Un bagno di sangue. Questo è "Catholic Priests Fuck Children", uscito nel '96 per Praxis Dr. Bearmann, tra i dischi più abrasivi degli inglesi Grey Wolves, mentori di quel death-industrial che annacqua, per cosi dire, la ferocia radicale della power-electronics, preferendovi sonorità marce, aspre, lente e droniche, più polverose dei massacri harsh-noise dritti al dunque che furono, tra tutti, del cannibale William Bennett, e che farà in seguito la fortuna di circoli ormai di riferimento quali Cold Meat, Tesco e Malignant.

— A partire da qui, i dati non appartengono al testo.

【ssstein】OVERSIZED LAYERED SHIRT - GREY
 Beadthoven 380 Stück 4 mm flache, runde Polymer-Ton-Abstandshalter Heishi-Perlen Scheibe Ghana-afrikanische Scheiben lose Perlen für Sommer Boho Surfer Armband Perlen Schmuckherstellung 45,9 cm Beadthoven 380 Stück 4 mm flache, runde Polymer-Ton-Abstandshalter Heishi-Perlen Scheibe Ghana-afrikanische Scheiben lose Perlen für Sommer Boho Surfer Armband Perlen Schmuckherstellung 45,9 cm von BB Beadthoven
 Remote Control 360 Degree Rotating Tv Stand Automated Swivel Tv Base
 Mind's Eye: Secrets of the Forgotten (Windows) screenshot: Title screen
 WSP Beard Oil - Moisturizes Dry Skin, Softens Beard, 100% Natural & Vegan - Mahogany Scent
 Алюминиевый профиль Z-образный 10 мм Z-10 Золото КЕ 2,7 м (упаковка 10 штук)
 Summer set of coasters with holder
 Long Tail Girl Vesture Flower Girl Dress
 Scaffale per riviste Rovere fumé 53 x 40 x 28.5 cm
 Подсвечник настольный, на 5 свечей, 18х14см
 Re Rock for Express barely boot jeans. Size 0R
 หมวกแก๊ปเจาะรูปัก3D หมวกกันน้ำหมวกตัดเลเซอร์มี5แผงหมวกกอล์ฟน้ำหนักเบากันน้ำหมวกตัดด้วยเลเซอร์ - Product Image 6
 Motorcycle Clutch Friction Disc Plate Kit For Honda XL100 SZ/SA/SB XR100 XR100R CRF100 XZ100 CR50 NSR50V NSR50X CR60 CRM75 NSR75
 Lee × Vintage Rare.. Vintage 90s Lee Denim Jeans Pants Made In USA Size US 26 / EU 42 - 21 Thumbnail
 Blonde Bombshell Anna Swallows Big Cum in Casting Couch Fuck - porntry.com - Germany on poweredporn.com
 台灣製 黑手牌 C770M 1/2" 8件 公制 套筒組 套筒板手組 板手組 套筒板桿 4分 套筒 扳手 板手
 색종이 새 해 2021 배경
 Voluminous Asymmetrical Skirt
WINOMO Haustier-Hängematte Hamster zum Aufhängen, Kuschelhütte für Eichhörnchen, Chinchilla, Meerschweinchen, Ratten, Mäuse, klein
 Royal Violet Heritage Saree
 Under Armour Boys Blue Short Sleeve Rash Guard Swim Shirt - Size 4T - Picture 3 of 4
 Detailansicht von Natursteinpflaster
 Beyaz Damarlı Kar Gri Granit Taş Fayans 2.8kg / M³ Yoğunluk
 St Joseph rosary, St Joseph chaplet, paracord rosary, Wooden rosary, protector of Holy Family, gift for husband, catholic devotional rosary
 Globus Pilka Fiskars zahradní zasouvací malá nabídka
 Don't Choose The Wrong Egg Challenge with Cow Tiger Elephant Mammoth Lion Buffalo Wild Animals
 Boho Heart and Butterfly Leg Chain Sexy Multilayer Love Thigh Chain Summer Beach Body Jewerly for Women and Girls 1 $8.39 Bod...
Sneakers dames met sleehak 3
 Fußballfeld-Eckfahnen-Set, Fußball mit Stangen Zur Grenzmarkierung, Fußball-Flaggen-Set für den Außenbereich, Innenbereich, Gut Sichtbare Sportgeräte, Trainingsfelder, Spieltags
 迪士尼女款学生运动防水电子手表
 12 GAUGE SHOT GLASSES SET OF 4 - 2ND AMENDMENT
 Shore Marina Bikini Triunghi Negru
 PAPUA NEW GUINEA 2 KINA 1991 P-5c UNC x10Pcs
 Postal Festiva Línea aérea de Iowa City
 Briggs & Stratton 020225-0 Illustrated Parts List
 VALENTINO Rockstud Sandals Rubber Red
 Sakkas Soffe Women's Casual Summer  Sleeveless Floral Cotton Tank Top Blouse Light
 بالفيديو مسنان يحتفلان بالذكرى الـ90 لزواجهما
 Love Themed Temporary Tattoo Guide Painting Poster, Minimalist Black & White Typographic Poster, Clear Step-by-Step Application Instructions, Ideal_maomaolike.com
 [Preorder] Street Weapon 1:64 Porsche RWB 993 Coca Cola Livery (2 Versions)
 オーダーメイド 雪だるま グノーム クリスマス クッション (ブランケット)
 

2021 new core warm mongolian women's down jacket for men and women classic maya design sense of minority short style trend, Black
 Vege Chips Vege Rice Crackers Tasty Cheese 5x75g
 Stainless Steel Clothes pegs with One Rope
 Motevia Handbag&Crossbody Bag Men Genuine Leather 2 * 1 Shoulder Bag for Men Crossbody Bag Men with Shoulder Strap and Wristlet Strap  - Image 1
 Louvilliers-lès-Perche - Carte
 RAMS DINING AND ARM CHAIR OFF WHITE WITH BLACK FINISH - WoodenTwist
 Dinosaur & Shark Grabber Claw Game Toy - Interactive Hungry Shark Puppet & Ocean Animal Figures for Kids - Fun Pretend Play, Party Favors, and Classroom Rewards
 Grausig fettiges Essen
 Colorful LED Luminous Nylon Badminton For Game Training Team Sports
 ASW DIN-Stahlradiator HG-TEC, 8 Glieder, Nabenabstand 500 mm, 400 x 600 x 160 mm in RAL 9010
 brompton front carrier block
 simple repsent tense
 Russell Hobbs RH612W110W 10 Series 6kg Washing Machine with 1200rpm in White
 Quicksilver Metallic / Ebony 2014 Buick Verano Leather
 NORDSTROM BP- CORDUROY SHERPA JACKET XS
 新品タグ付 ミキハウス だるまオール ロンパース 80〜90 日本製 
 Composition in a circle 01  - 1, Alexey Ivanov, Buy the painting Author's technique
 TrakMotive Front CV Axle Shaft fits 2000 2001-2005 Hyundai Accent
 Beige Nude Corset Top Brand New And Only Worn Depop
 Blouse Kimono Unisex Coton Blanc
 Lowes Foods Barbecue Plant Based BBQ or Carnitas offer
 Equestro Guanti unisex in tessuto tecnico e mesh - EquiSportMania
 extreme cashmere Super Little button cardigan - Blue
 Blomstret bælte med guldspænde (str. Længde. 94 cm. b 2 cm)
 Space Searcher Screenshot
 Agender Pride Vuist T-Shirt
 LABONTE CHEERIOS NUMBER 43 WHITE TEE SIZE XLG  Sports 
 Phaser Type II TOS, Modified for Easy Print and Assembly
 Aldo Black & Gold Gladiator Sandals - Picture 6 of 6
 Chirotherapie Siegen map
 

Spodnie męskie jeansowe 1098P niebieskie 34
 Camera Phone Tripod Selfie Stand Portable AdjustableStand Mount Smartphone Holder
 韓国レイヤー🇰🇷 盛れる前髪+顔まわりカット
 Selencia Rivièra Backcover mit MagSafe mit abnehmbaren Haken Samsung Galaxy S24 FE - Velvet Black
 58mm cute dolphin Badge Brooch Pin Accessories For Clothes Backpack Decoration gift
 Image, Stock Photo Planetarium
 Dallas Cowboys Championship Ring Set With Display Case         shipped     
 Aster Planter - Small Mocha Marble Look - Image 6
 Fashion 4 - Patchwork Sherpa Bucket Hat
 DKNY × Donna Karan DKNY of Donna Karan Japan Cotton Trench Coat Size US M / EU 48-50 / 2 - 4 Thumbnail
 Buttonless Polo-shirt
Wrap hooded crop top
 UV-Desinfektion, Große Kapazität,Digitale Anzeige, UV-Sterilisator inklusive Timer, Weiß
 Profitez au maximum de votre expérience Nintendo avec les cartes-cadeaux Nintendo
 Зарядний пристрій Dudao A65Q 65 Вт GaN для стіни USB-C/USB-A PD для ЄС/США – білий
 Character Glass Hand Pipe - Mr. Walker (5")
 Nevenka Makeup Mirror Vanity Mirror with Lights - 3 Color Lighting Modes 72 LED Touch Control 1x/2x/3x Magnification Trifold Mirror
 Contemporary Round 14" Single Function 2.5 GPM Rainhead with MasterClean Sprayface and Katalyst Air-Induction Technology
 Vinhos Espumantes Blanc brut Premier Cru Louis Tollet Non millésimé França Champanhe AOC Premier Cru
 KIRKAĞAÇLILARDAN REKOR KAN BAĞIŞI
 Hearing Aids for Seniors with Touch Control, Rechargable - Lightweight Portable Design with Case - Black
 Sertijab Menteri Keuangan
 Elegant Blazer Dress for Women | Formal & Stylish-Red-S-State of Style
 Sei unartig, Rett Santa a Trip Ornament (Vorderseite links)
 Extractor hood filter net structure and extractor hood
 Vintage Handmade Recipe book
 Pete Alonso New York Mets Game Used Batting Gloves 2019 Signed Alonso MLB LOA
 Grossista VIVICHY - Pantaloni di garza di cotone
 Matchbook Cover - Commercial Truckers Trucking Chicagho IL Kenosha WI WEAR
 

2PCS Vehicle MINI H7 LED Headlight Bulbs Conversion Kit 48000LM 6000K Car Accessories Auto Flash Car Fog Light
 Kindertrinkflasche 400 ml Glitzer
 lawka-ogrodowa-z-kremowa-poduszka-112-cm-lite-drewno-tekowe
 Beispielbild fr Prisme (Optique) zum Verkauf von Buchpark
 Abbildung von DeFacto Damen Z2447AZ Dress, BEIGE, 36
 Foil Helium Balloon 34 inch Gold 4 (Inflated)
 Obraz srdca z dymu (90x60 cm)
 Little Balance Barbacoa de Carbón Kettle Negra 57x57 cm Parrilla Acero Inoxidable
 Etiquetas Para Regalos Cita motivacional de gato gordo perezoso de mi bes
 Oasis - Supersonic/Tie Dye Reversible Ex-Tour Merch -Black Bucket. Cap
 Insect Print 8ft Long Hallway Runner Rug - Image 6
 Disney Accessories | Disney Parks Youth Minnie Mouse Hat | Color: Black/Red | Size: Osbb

Un movimento che potrebbe avere proprio in quest'opera il suo più degno manifesto. Un disco forse anacronistico, dal momento in cui la power-electronics porno-fascistoide è prettamente una questione anni ottanta, ma che riesce in ogni caso a centrare il bersaglio. Il bersaglio delle nostre orecchie, che vengono letteralmente stuprate da tutta una serie di raffiche noise, tornado di terrificanti droni distorti, dissonanze cicliche e meccaniche a spiegare ancora una volta il significato più astratto di industrial. Il tutto senza quasi mai esagerare o spingersi oltre.
Non il solito muro di rumore sparato a mille dunque, ma qualcosa che si colloca giusto a metà strada tra l'industrial mantrica dei Zoviet France, le asprezze targate Whitehouse e la forza evocativa del blackmetal norvegese (daltronde è proprio nell'Europa nordica che il death darà il suo meglio).
Si tratta di uno degli ultimi 'lampi' della già morente scena industrial. Occhio, però, a non rimanerci secchi.